I haven't always gone about my life as a decent person. I have been an absolute cunt to some people, some of whom didn't deserve it, several who did. So I think I am in a position to speak for both sides. I know what it is to have power, to have a hold over someone, and to be able to control people without them knowing. The latter isn't anywhere near as hard as you would hope.
I am a 33 year old man, living in a small "provincial" town. Whoever decided on that espression for anywhere outside of London needs a knock by the way. Even here in my town of fifteen thousand people there are all factions of society. There are people who live in million pound houses, and there are those people who live for the day their benefits get forwarded, and they can spend the afternoon in Lloyds, not the bank you understand, no the upscale version of Wetherspoons, where the characters from the Levelers' song "Hope St" hang out.

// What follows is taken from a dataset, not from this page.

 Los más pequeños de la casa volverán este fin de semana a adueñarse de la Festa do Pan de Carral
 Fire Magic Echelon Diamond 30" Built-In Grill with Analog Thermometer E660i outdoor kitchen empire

Don't get me wrong, 5 years ago I loved those places. Breakfast from 8am, then if I could man it we could drink through until 1am the next day. Wow. What a country we live in we all cried.
I now cry that out for quite the opposite reason.
Perhaps I am getting old? Maybe my experiences have changed me? Could this be what happens to everyone at some point?
Don't get me wrong, I enjoy a drink. I own more wine than my local pub does. I love a night out with the fellas, when circumstance allows of course. I just don't see the draw of being in a room with sweaty, drunk people rubbing themselves against me.
I am finding it very difficult to find many women/girls who are attractive anymore, and I have figured this to be about the dress code currently. There seems to be only a couple of ways of dressing at the moment, either like you are in a Shangri-La's video from the 70's, like you are in the Breakfast Club, or like a New Orleans street rat. I don't get it.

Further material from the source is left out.